While the theoretical analysis of such an experiment can be complex, setting up a spreadsheet to simulate the situation by drawing random numbers from a normal distribution with standard deviation σ\sigma is straightforward. This can be achieved in Microsoft Excel using the formula =NORMINV(RAND(),0,σ)), as detailed in [8]. Similar techniques are applicable in other spreadsheet software such as OpenOffice.org Calc and Gnumeric.

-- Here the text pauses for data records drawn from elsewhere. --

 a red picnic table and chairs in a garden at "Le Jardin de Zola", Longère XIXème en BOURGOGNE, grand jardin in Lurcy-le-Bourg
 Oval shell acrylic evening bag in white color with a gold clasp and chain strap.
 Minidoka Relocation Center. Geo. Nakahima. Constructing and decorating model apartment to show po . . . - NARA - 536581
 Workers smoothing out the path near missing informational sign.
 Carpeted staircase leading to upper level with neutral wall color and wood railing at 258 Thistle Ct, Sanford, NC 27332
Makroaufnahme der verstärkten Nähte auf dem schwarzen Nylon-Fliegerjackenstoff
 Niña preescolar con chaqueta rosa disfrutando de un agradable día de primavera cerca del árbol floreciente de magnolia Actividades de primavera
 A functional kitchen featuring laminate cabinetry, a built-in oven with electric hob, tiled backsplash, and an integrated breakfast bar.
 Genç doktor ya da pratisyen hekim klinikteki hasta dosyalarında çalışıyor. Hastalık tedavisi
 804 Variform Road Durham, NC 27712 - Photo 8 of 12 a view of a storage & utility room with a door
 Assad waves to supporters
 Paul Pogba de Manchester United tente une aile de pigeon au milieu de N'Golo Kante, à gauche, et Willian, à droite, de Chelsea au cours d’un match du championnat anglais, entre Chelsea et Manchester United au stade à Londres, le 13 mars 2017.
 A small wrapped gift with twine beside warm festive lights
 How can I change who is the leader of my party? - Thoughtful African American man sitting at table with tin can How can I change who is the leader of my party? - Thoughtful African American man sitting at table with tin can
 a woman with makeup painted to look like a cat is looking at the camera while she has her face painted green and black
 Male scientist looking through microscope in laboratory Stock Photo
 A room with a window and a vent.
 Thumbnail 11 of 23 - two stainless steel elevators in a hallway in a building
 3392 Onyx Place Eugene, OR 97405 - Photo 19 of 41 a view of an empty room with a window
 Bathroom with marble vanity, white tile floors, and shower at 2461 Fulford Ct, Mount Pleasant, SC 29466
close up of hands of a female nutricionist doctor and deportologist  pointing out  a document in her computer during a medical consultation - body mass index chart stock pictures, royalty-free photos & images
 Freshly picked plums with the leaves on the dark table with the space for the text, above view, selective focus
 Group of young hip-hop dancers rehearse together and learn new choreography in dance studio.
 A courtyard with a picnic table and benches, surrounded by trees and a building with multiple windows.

After identifying and removing obvious outliers, one could subtract the median from the remaining two values for each object, and then examine the distribution of the resulting 200 numbers. This distribution should approximate a normal distribution with a mean close to zero and a standard deviation slightly larger than σ\sigma. A simple Monte Carlo simulation using a spreadsheet would reveal typical standard deviation values (ranging from approximately 105% to 115% of σ\sigma). Alternatively, one could subtract the mean of each triplet from the values and analyze the distribution of 300 numbers. In this case, the mean is inherently zero, but the standard deviation is expected to be somewhat smaller (around 75% to 85% of σ\sigma).


There. Does that satisfy your… need for information? It’s just data, really. Don’t read too much into it. Unless, of course, you have a particularly interesting outlier you’d like to discuss. I’m always open to a challenge.